Por ejemplo, las limitaciones que sufren aquellos periodistas que tanto en los medios públicos como privados tienen que someterse religiosamente a la línea editorial del medio en el cual trabajan sin posibilidad alguna de contrariar sus contenidos.
Rebelarse contra esa manera de sometimiento coloca a los periodistas frente a dos opciones: o acepta convertirse en un esclavo de sus palabras y de sus silencios o renuncia en defensa de su dignidad.
Otra forma de someter a los periodistas a los designios de quienes confunden libertad de prensa con libertad de empresa, consiste en prohibir expresamente toda organización gremial interna.
¿Cómo se puede hablar de libertad de expresión, de libertad a secas, si puertas adentro se amordaza a los trabajadores?
Qué paradoja: los dos grandes medios gráficos argentinos –Clarín y La Nación- permanentes predicadores de la libertad, son los primeros en desconocer el derecho que les asiste a sus trabajadores para agremiarse como ocurre en cualquier sindicato entre las múltiples actividades laborales existentes.
Mientras estos temas no aparecen en sus páginas ni en los medios audiovisuales y radiales que manejan, están saturando la información con el incidente que protagonizó una conocida movilera de TN durante la manifestación de apoyo a Cristina en Comodoro Py.
Aunque la presencia de la periodista haya sido un deliberado acto de provocación, nadie puede estar de acuerdo con que se le haya impedido ejercer su tarea aún cuando su objetivo –logrado por cierto- no era otro que el de victimizarse.
Después de todo, ¿qué podía sumar o restar a esos medios de comunicación que permanentemente usan sus espacios para tergiversar o manipular la realidad apelando a ese juego de distracción del que habla Chomsky? O sea, el clásico recurso que sólo sirve para anular la capacidad crítica de la gente y alejarla de los problemas reales que afectan su vida.

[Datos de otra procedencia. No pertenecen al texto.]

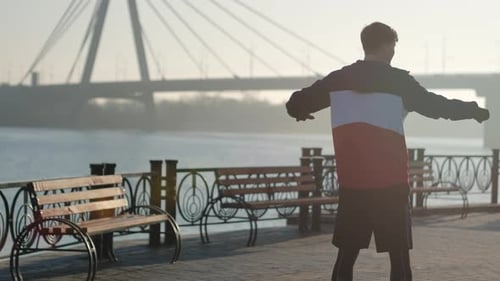 Young Man Is Warming Up and Starts To Run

En este contexto, ¿qué otras vías de comunicación nos quedan para hacer frente a ese periodismo hegemónico globalizado que influye de manera tan nociva en la de-formación cívica de los ciudadanos?
Nos quedan, además de las redes sociales por Internet, los medios alternativos, pequeñas trincheras donde todavía el periodismo no ha perdido su esencia, aunque ellos tampoco están exentos de presiones y amenazas tendientes a silenciar sus voces críticas.
A eso tiende, justamente, la anulación de la Ley de Medios Audiovisuales consumada por un gobierno que habla de diversidad de opiniones mientras barre de los medios oficiales a periodistas que no le son funcionales y condiciona la tarea de los que sobreviven a los despidos y hasta les da instrucciones sobre el buen uso del lenguaje prohibiendo hablar de dictadura cívico-militar.
De todos modos, son esas pequeñas trincheras las que, unidas, podrán mantener en pie ese periodismo de la dignidad y la ética cuyo mayor referente en la Argentina sigue siendo Rodolfo Walsh.